Wednesday, November 22, 2006

Right Here in River City


Somewhere in my previous post, written in full jet-lag mode, there was a point trying to work its way to the surface. You couldn't have figured it out from reading it, but I'm pretty sure I'd eventually have found my way out of my wearied writing, my sleepy similes, and gotten there. You must understand that I'd been riding in the New York subways, passing stations, making complex connections, stumbling in subterranean stupor owing to a couple of night's sleep interrupted. In the first case it was because the hotel saw fit to register someone into our room, at three a.m. Suffice it to say it was startling to all concerned. The fire alarm the next night was minor compared to that. My point, had I gotten around to it, was to consider the ways in which doctors do or do not consult each other when they should, or shouldn't. Got that? As I recall, I'd said something about really liking the challenge involved in carving out a piece of colon with bladder attached to it, and feeling quite capable of handling it myself, without the help of a urologist...
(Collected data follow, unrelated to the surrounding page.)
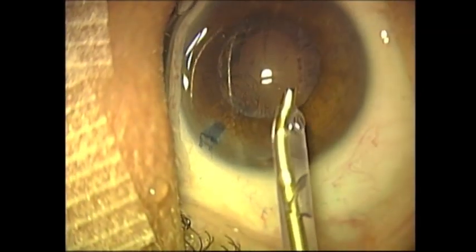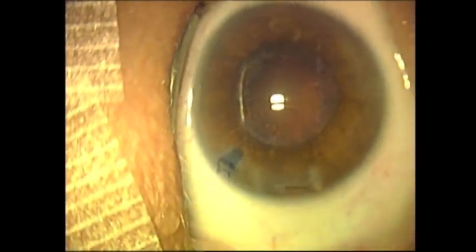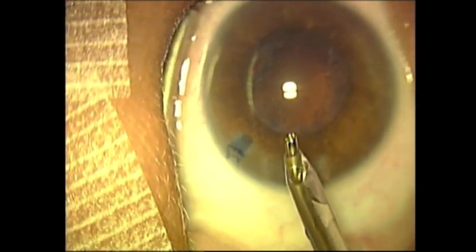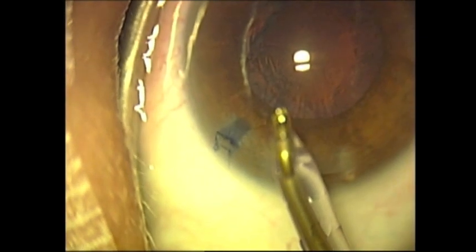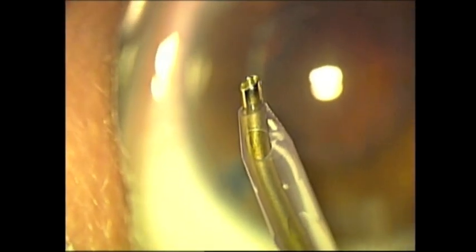We are now ready for the remainder of the procedure, but this video now concludes. One last shot of the MST Dewey Phacoemulsification Tip. Thank you.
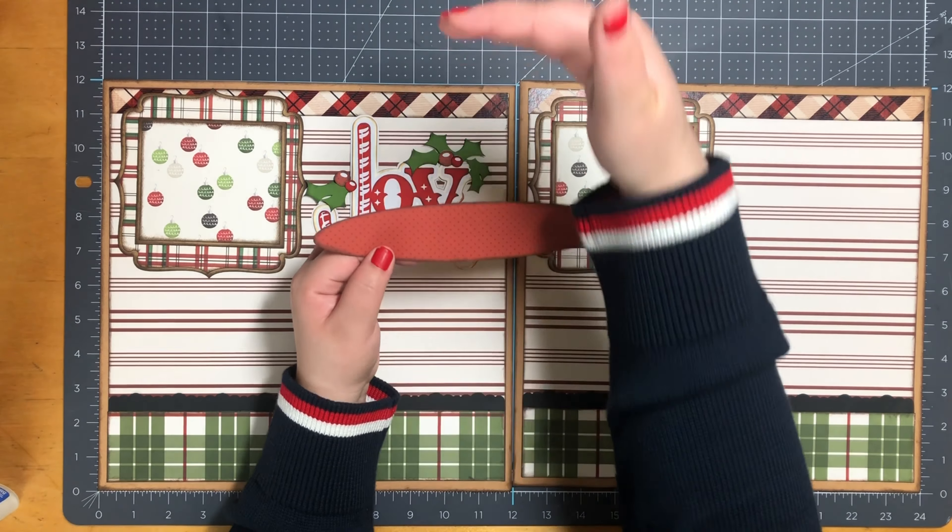For some added touch, I have Santa's Christmas bag. It measures two and a half by two and one eighth, and I did pop it up on foam tape. I have two presents - it's actually the same one, I just duplicated it. It measures one and three quarters by one and a half. One of them I did pop up on foam tape.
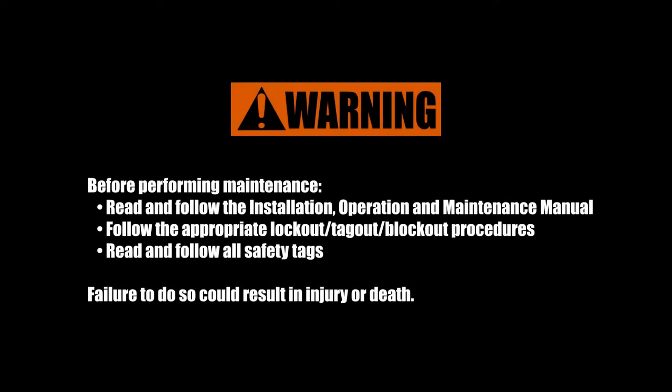Before performing maintenance on a horizontal manure auger, be sure to read and follow the installation, operation, and maintenance manual.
It's actually a complicated and interesting subject, flavored with many important elements of the safe practice of medicine: knowing one's limits, sensing when to call for help, controlling ego; as well as surrendering to medico-legal reality. Covering one's ass, whether it's naked or not. Maybe a few examples will be edifying:

1) A colleague recently accepted in transfer a patient that had been hospitalized elsewhere with a bowel obstruction. At that hospital, the policy is that bowel obstructions get admitted to the medical hospitalists, who call surgeons only if the patient doesn't get better. In this case, "not better" meant being behind about eight liters of fluid, with all the accompanying signs and symptoms of severe dehydration.

2) During a complicated hysterectomy, a gynecologist made a tear in the rectum; I was immediately called and, despite the absence of prior bowel-prep, closed the hole directly, placed a pelvic drain and a trans-anal rectal tube and the patient recovered uneventfully.
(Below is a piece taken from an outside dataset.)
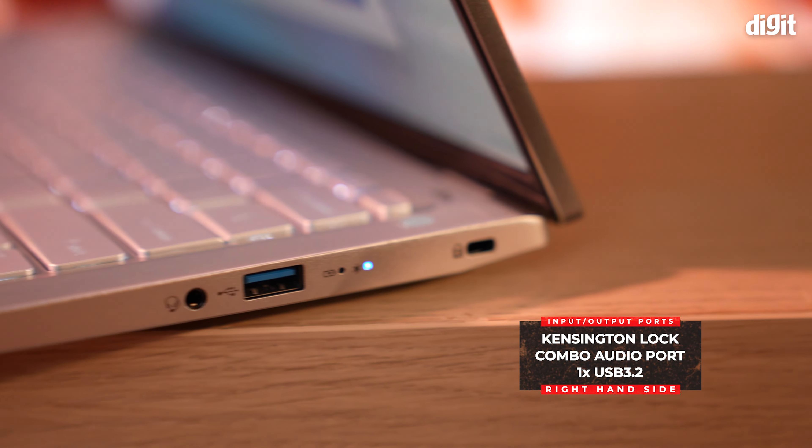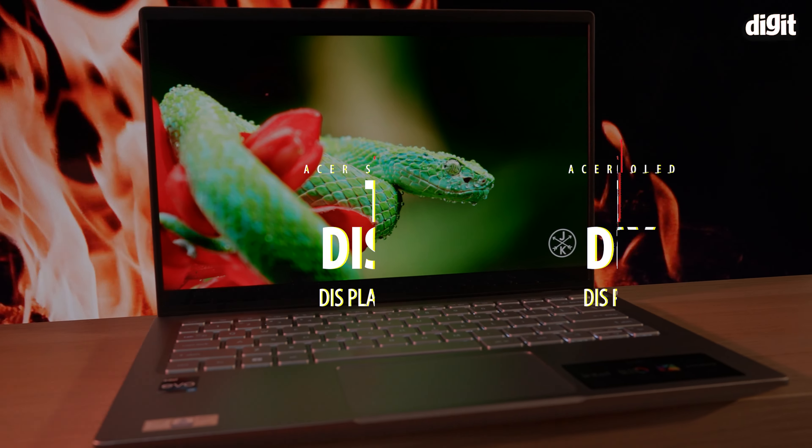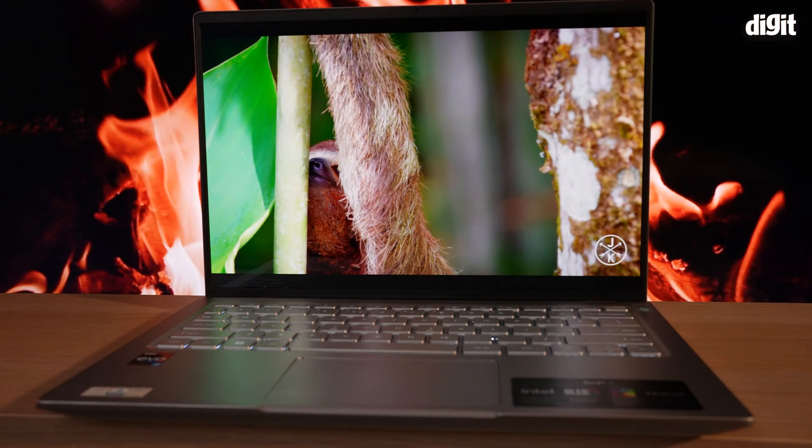Hey guys and welcome to Digit. Today we've got with us the Acer Swift 3 SF314 — let's throw all the complicated model numbers out of the way. This is the Acer Swift 3 OLED, the latest one with the latest 12th gen Intel processor. You've got multiple variants including the Intel Core i5 and also the Intel Core i7. What we've got here is the i7 variant. The Acer Swift 3 comes packed with some crazy specs including a 12th gen Intel Core i7-12700H processor, 16GB of LPDDR5 RAM and 1TB of NVMe SSD storage. Pair that with a fantastic OLED display and a good selection of IO port offerings, and all of this is packed into a thin and light form factor — you've got quite a winner here in the Acer Swift 3 OLED.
3) Operating on a man with multiple gunshot wounds, I repaired several intestinal holes and explored the left kidney which had a through-and-through injury. I called the on-call urologist, told him what I planned to do, offered him the opportunity to come in an check it out himself. He no-thanked me.

4) The first and only time I injured a common duct (the main tube carrying bile from the liver to the intestine) was the very first operation I did in practice where I had the referring family doc instead of a surgeon helping me. I called in my senior partner, excused the family doc and repaired the duct with no long-term consequences.

5) A patient with a colovesical fistula is referred to me. I operate and fix it.

6) A patient with a colovesical fistula is referred to a urologist, who works him up and sends him to me. I do the colon part, and let the urologist fix the bladder, if he wants to.

7) A young family practice doc was doing a routine hernia repair (there was a time in my community when family docs were allowed to and liked to do quite a range of operations.) More or less inexplicably (it's really hard to imagine how), he cut the femoral artery, held his finger on it until help arrived.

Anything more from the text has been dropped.